● Activity
Filter the listing below for "Full" and report every line that has it.

==============================

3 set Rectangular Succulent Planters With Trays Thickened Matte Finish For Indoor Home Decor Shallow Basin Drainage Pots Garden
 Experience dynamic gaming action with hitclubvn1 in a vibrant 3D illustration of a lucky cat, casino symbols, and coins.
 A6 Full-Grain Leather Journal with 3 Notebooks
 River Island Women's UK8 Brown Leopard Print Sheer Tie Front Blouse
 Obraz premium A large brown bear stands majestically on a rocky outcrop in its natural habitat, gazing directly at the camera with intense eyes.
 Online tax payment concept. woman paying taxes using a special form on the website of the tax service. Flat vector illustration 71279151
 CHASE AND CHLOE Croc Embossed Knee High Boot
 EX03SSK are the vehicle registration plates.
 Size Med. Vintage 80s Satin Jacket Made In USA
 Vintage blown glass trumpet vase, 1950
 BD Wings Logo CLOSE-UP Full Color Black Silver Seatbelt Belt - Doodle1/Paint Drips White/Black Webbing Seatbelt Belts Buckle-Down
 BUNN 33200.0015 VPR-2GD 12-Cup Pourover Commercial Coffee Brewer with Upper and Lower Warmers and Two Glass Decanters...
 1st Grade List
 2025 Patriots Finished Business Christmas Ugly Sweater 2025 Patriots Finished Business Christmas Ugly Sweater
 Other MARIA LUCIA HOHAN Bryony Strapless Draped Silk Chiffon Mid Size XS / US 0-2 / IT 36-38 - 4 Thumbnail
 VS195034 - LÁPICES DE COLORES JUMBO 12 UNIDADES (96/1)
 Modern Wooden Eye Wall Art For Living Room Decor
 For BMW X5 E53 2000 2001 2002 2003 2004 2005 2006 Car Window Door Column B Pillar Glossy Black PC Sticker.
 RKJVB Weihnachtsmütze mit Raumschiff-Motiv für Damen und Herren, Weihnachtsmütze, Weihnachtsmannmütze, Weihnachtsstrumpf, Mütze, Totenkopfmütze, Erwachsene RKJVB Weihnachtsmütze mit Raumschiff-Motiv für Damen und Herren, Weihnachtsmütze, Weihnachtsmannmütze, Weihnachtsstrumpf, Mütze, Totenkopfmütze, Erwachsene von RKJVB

==============================

● Solved exercise
 A6 Full-Grain Leather Journal with 3 Notebooks
 BD Wings Logo CLOSE-UP Full Color Black Silver Seatbelt Belt - Doodle1/Paint Drips White/Black Webbing Seatbelt Belts Buckle-Down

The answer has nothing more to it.